Hi guys I bought light bulbs as well as spotlights but these just look purple and do not make white glow like I am used to see. What gives?


----------



## Spooky1 (Aug 25, 2008)

You need to get fluorescent or LED black light bulbs. The incandescent black light bulbs are crap and don't work.


----------



## grismcdonald (Aug 23, 2011)

Lowes carries a compact floresent black light party bult for about $5.80. Suggestion from somebody else for my FCG Put in a clam on work light and WOW IT IS IMPRESSIVE The purple bulbs are no comparison. As I have many and will be replaced by the CFL from Lowes this year


----------



## fritz42_male (May 5, 2009)

You can buy 'twisty' compact fluorescent blacklight bulbs at most hardware stores. These work well for me.


----------



## Haunthunter (Sep 19, 2011)

I will go tomorrow and check them out. This really helped.


----------



## dynoflyer (Oct 8, 2006)

I use both the CFL Blacklights and the short 18" tubular fluorescent kits from discount stores.

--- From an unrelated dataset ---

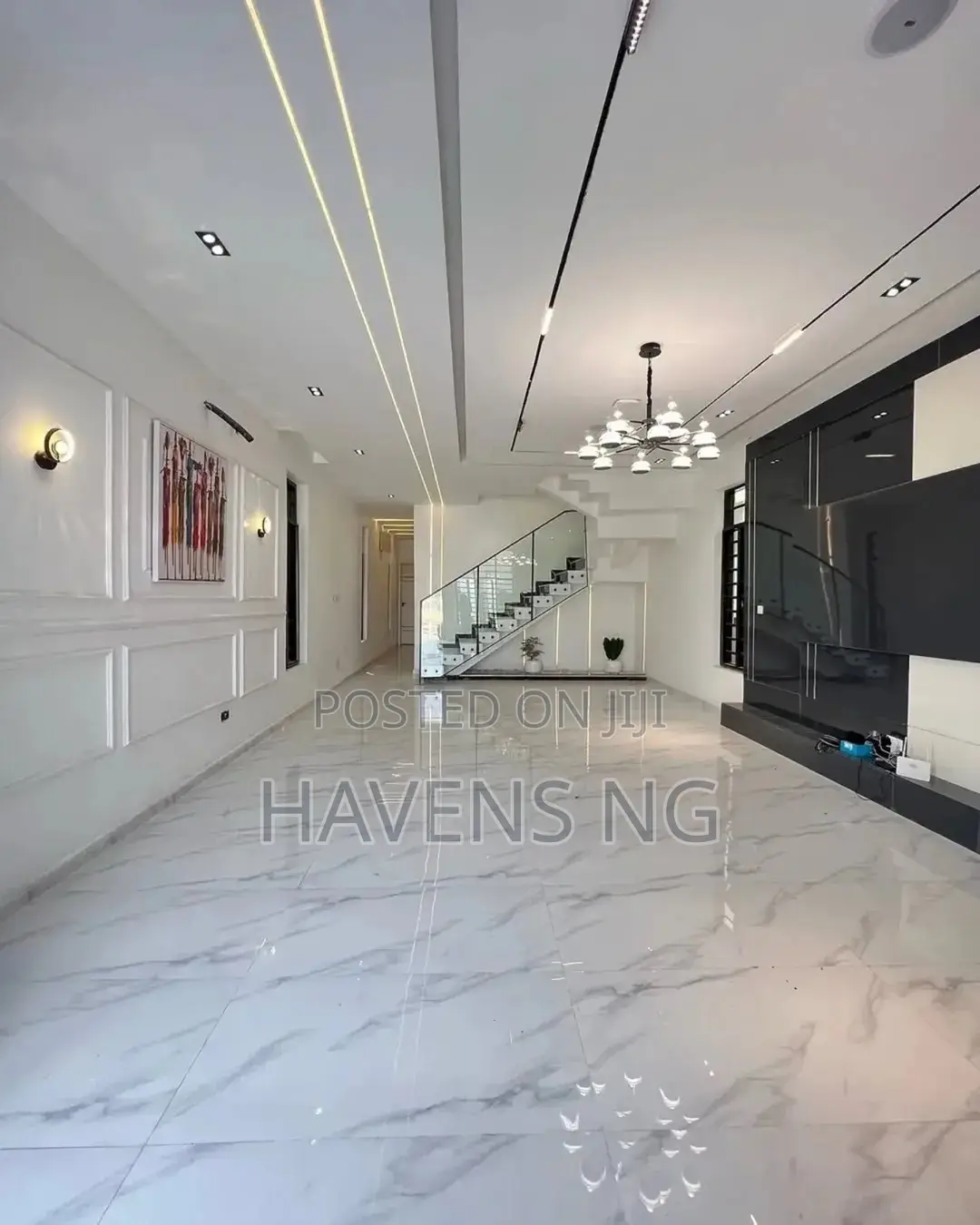 5bdrm Duplex in Chevron for sale in Chevron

The tubular fluorescent bulbs carry the light over a larger area if you're trying to light up something big, the CLF's work fine if you're lighting up something smaller or if the bulb can be closer to the item. A clamp on work light fixture painted flat black helps. 
If you want to cast the UV over a large area, like outdoors, nothing beats a pair of 48" UV lamps in a shoplight fixture. Paint the outside of the shoplight fixture flat black and spray silver or chrome paint on the reflector wings to help spread the light better. 
I hang one of these over the front porch and when the TOT's come up the walk it really makes their costumes glow, they are amazed!


----------



## TheOneAndOnlyKelly (May 7, 2009)

I used the 18" Black light tube, hidden from view by black plastic. I was thinking about making a mini-LED spotlight, from an earlier tutorial, using the blacklight LEDs...


----------



## Lunatic (Oct 3, 2006)

I use the 18" & 48" fluorescent bulbs. Black light bulbs and spots don't fluoresce but damn they get hot!


----------



## beelce (Jul 21, 2007)

LOVE the CFL blacklights.....$6..... work great


----------



## Haunthunter (Sep 19, 2011)

CFLs with clamps is a great idea. I also went to walmart and bought one of the shop lights and a black light. Really works great!!!


----------